- _TASK OBJECTIVE_:
The required output is the lines from the one with "Поддон литой из" through the end of the data, repeated verbatim, with no pictures included.

- _THE DATA_:

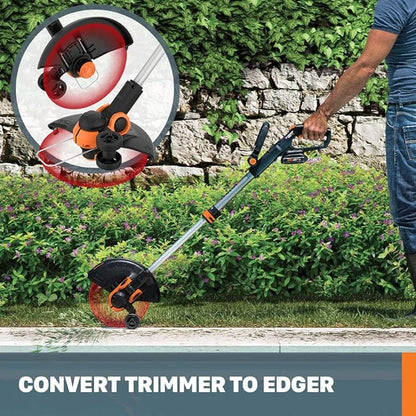 WORX WG509 12 Amp TRIVAC 3-in-1 Electric Leaf Blower with All Metal Mulching System & WG163 GT 3.0 20V PowerShare 12" Cordless String Trimmer & Edger (2 Batteries & Charger Included) - LeafyLoom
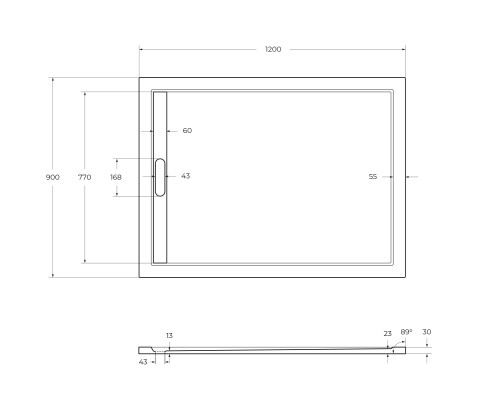 Поддон литой из искусственного мрамора Cezares TRAY-AS-AH-120/90-30-W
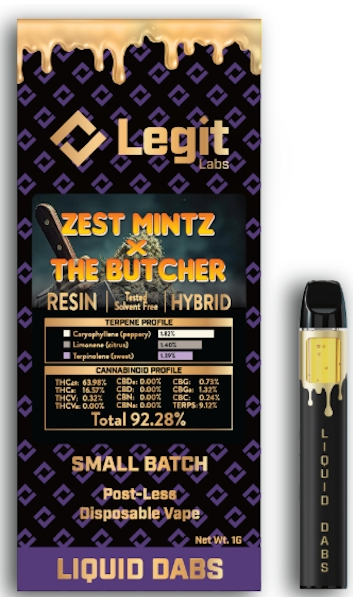 Photograph of product: Legit Labs | Zest Mintz x The Butcher Post-less Disposable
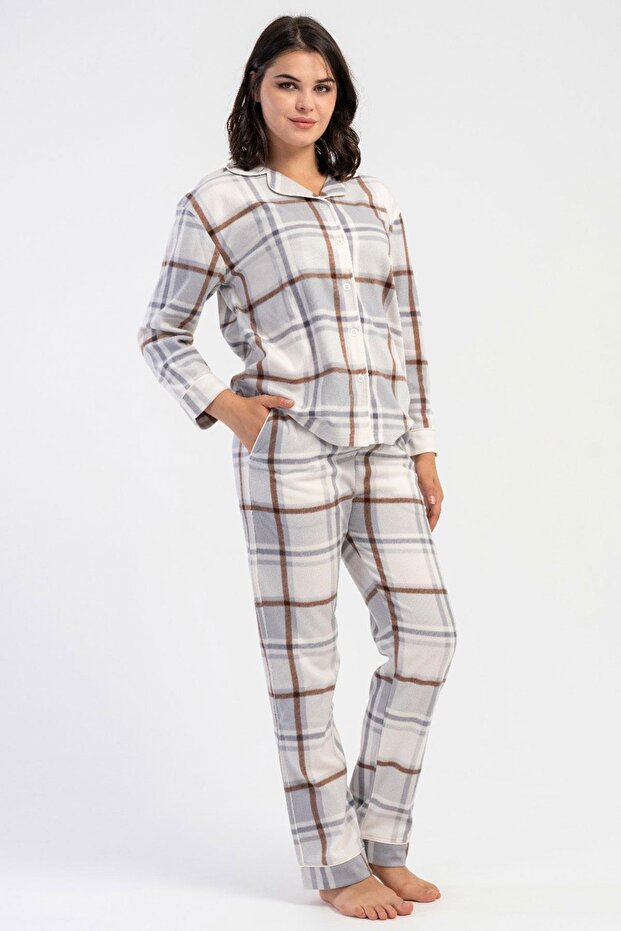 Women's Front Buttoned Long Sleeve Plaid Pattern Gray Color Fleece Pajama Set C8T3N8161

- _TASK SOLUTION_:
 Поддон литой из искусственного мрамора Cezares TRAY-AS-AH-120/90-30-W
 Photograph of product: Legit Labs | Zest Mintz x The Butcher Post-less Disposable
 Women's Front Buttoned Long Sleeve Plaid Pattern Gray Color Fleece Pajama Set C8T3N8161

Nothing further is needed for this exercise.